DATA SHOWN =>
--- --- ---
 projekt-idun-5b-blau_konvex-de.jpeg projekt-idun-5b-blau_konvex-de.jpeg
--- --- ---
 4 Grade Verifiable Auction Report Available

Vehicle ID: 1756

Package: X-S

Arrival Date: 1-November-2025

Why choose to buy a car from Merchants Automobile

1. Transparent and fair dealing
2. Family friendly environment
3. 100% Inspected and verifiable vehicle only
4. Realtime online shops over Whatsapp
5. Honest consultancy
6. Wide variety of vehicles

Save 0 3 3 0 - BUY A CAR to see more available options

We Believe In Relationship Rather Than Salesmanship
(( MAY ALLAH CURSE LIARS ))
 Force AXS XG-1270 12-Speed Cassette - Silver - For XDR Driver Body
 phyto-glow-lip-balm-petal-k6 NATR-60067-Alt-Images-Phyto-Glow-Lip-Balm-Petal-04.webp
--- --- ---
TASK GOAL =>
The lines above, starting at the one with "Why choose to" and ending at the one with "6. Wide variety of vehicles", are the only ones to return, exactly as written.

EXPECTED ANSWER =>
Why choose to buy a car from Merchants Automobile

1. Transparent and fair dealing
2. Family friendly environment
3. 100% Inspected and verifiable vehicle only
4. Realtime online shops over Whatsapp
5. Honest consultancy
6. Wide variety of vehicles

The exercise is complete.